Average number of cycles in a random permutation of size N is A sub N.

Now, when we have the same generating function again,

often in combinatorics, when we see that.

What we like to do is find a correspondence,

a one to one correspondence between the number of LRM and the number of cycles.

So it's a reasonable question, is there a one to one correspondence.

This is a famous one, and the answer is yes.

So what you could do, if you have a set of cycles.

You can build a permutation corresponding to that set of cycles.

A unique permutation corresponding to that set of cycles.

By looking at the smallest element in each cycle, call that the leader of the cycle.

So the first one, the four is the leader.

The second one, the one is the leader.

The single cycle there's only one.

The third one, the 14 is the leader.

And the last one, the two is the leader.

So we identify the leader of each cycle.

And then what we'll do is write down the cycles in decreasing order of the leader.

So we pick the largest leader and then write down its cycle,

just by following the cycle.

So in this case, the largest one is 14.

That's where we write 14, 60.

The next largest leader is just the five.

The next one is that first one, where the leader is four.

So we write down four, ten, six, 15.

And then the big one at the end, we write down two, 12, eight, three, 11, 13.

And then the one containing the one is one, seven, nine.

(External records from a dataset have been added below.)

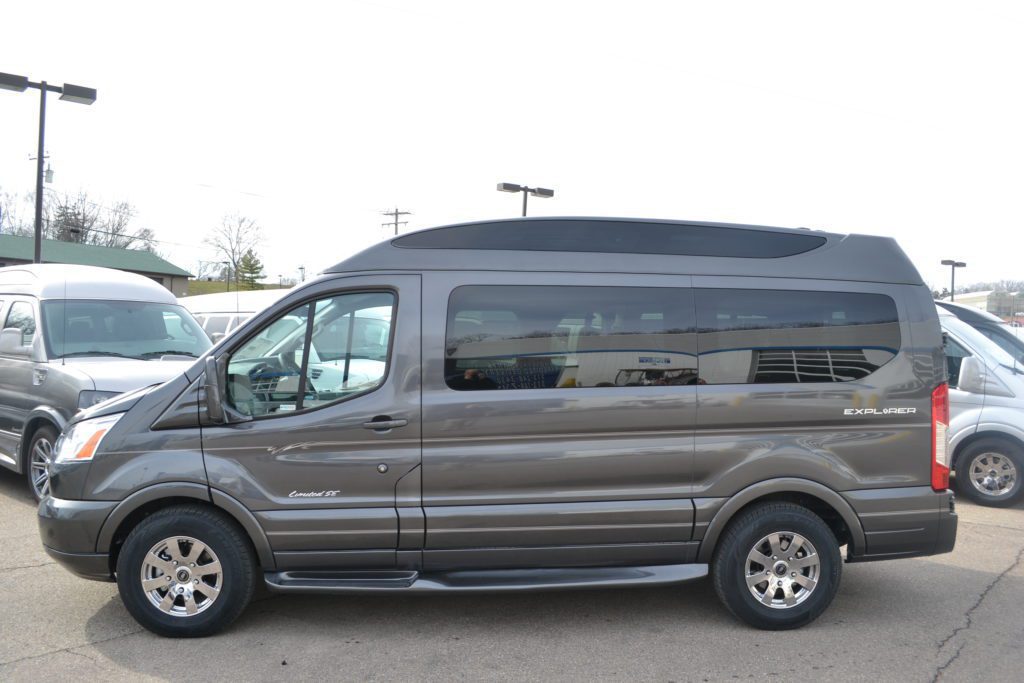 A van parked in the parking lot of a building.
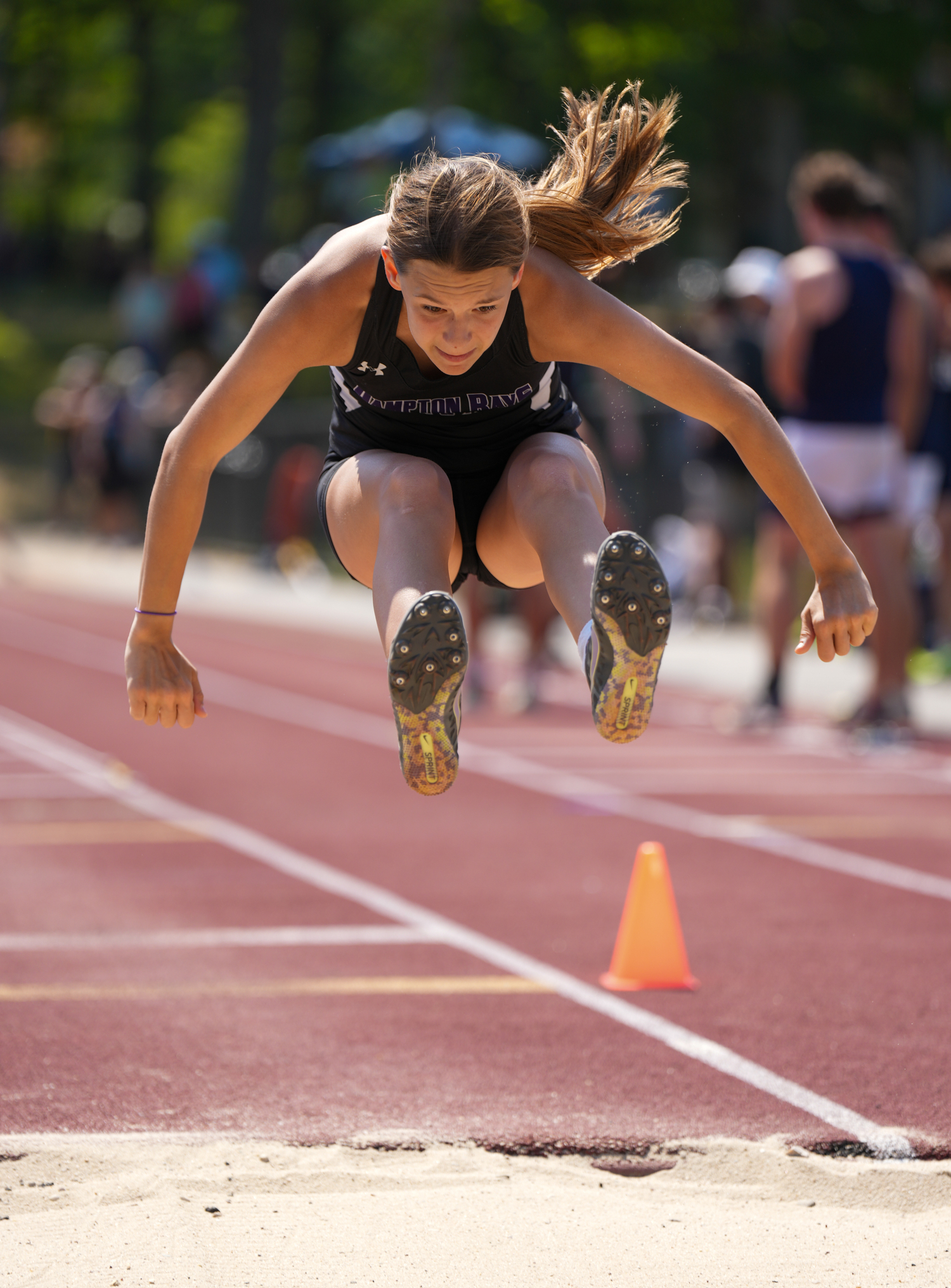 Hampton Bays junior Allie O'Brien in the long jump portion of the pentathlon.   RON ESPOSITO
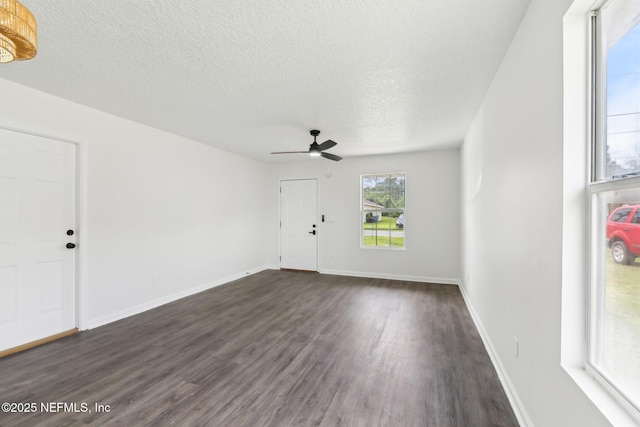 7843 India Ave, Jacksonville, FL 32211 - unfurnished living room featuring baseboards, ceiling fan, a textured ceiling, and dark wood-type flooring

Now we don't write down, we didn't demark

the cycles in any way, but that's a permutation.

And so, I said it was unique and that means we can use a corresponding

process to get the set of cycles corresponding to any permutation.

What’s the set of cycles corresponding to this permutation?

So we’re given the permutation.

What we do is, identify the left to right minima.

Those are the leaders.

Remember we pick the leader as the smallest in the cycle, and

then we wrote them down in decreasing order of the leaders.

So between each leader, say between four and two.

Everybody on the same cycle as four is bigger.

And so, as soon as we get to somebody that's smaller than four,

that's the leader of the next cycle.

So that's how we break up the permutation into cycles and that immediately

shows that the number of left to right minima is equal to the number of cycles.

because this correspondence is one to one, and works for any permutations.

So that's a famous correspondence between left to right minima in cycles.

That so, now we can write down the cycles just by finding the lrm,

and then simply writing the cycles out as before.